2. Procédé suivant la revendication 1, dans lequel la matière résiduaire dangereuse est
incinérée dans la première zone d'incinération à une température de 816° à 1093°C
(1500° à 2000°F).
3. Procédé suivant la revendication 1 ou 2, dans lequel le courant de gaz combustible
est incinéré dans la seconde zone d'incinération à une température de 1093°C à 1427°C
(2000° à 2400°F).
4. Procédé suivant la revendication 1, 2 ou 3, dans lequel le deuxième courant gazeux
est refroidi à une température d'environ 240°C (450°F) au cours de la transformation
d'eau en vapeur d'eau.
5. Procédé suivant l'une quelconque des revendications précédentes, dans lequel la vitesse
spatiale du courant résultant passant sur le catalyseur oxydant est comprise dans
l'intervalle de 30 000 à 50 000 h⁻¹.
6. Procédé suivant l'une quelconque des revendications précédentes, dans lequel l'air
est ajouté au deuxième courant gazeux en une quantité fournissant un excès stoechiométrique
d'oxygène de 10 à 50 % dans le courant résultant.

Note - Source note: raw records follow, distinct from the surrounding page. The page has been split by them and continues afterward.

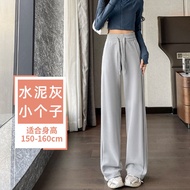 Slim Grey Casual Sport Pants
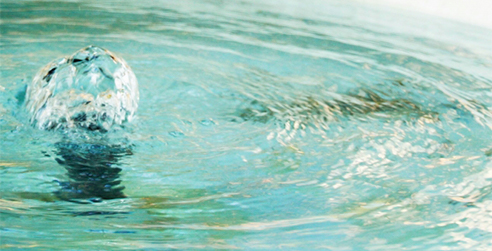 水へのアプローチ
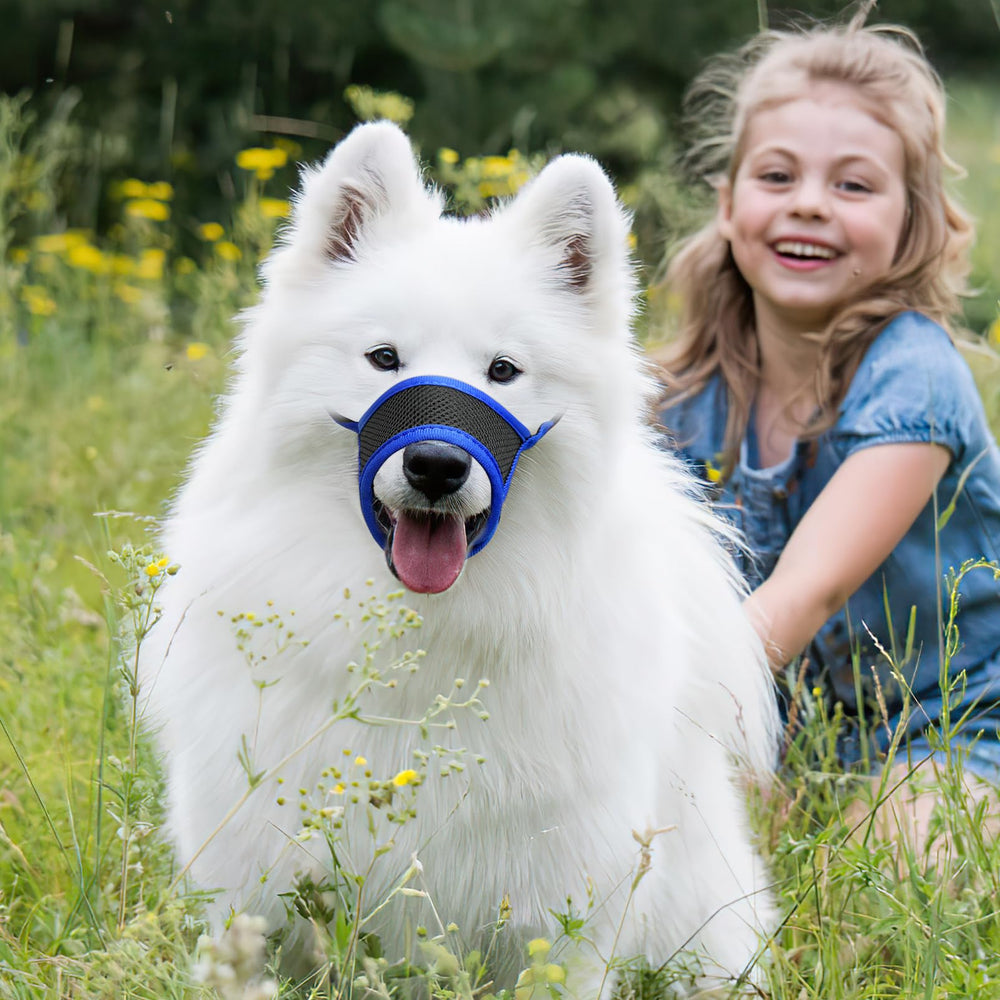 HEELE masque chien guide tailles, trouvez rapidement le bon ajustement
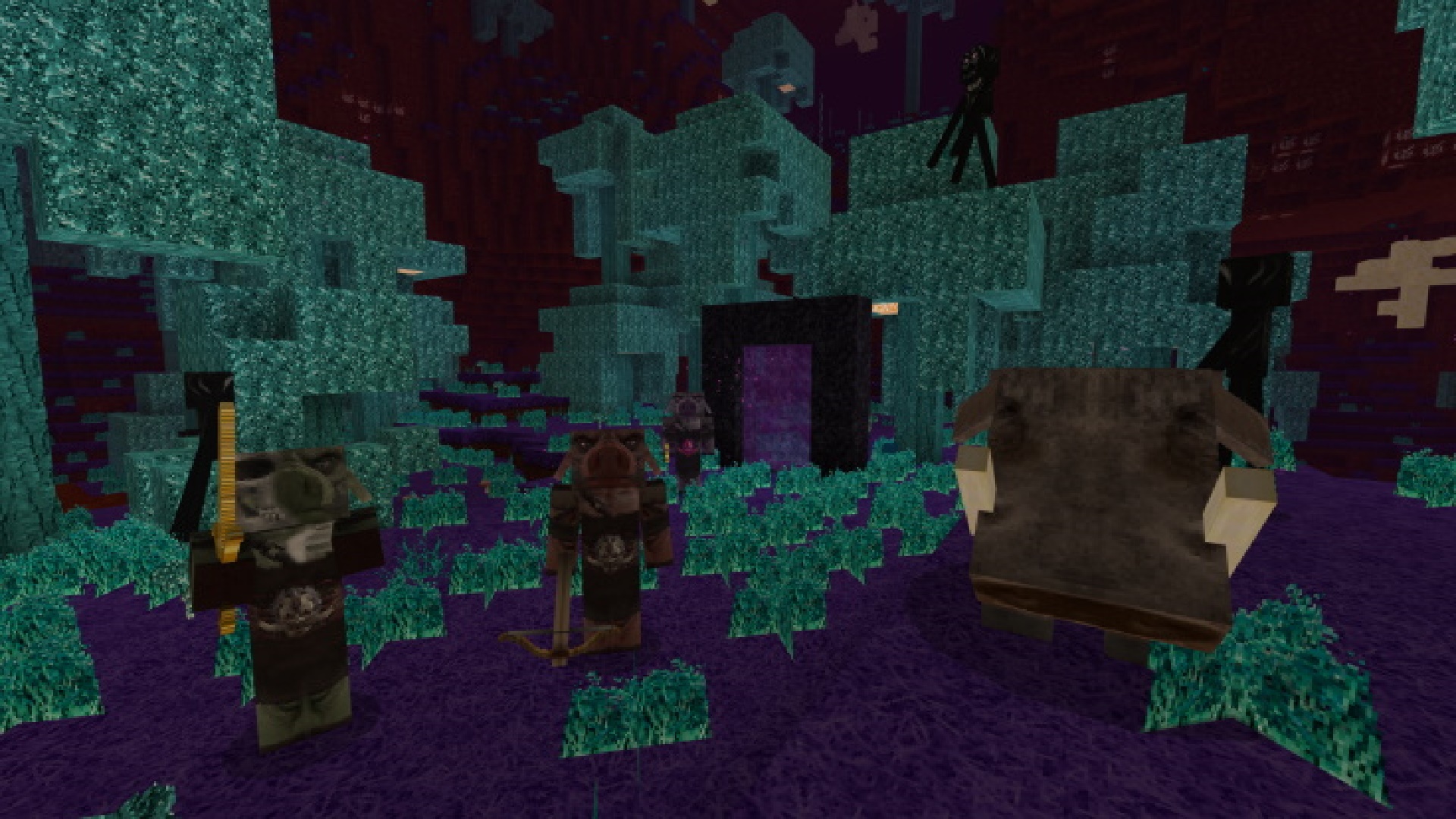 Screenshot NO 8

7. Procédé suivant l'une quelconque des revendications précédentes, dans lequel le gaz
refroidi expulsé dans l'atmosphère est à une température d'environ 149° à 204°C (300°
à 400°F).
8. Appareil pour l'incinération d'une matière résiduaire dangereuse, comprenant un incinérateur
(200) à deux étages définissant une première zone de combustion (202) avec une zone
de combustion secondaire (204), des moyens d'introduction d'un combustible dans ladite
zone de combustion secondaire pour produire une atmosphère réductrice, des moyens
(216) pour produire de la vapeur d'eau à partir d'eau en utilisant une partie de l'énergie
calorifique de l'effluent provenant de ladite zone de combustion secondaire (204),
des moyens d'introduction d'air en aval de ladite zone de combustion secondaire (204),
une chambre de réaction oxydante (226) pour recevoir l'effluent enrichi en air provenant
desdits moyens d'introduction d'air, des moyens de récupération de chaleur (228) pour
l'évacuation de la chaleur de l'effluent en aval de ladite chambre de réaction oxydante
(226), et un évent (232) pour l'évacuation de l'effluent refroidi,
caractérisé en ce que
la première zone de combustion (202) comprend des moyens pour l'alimentation de
cette zone avec une matière résiduaire dangereuse,
et caractérisé par la présence
de moyens (218) pour ajouter un adsorbant alcalin à l'effluent provenant de ladite
zone de combustion secondaire (204), un sac de filtration (220) immédiatement en aval
desdits moyens (218) pour l'addition d'un adsorbant alcalin et immédiatement en amont
desdits moyens (204) pour l'addition d'air, et un catalyseur placé dans ladite chambre
de réaction oxydante (226).
9. Appareil suivant la revendication 8, dans lequel les moyens d'évacuation de chaleur
consistent en un économiseur.
10. Appareil suivant la revendication 8 ou 9, dans lequel l'évent est une cheminée.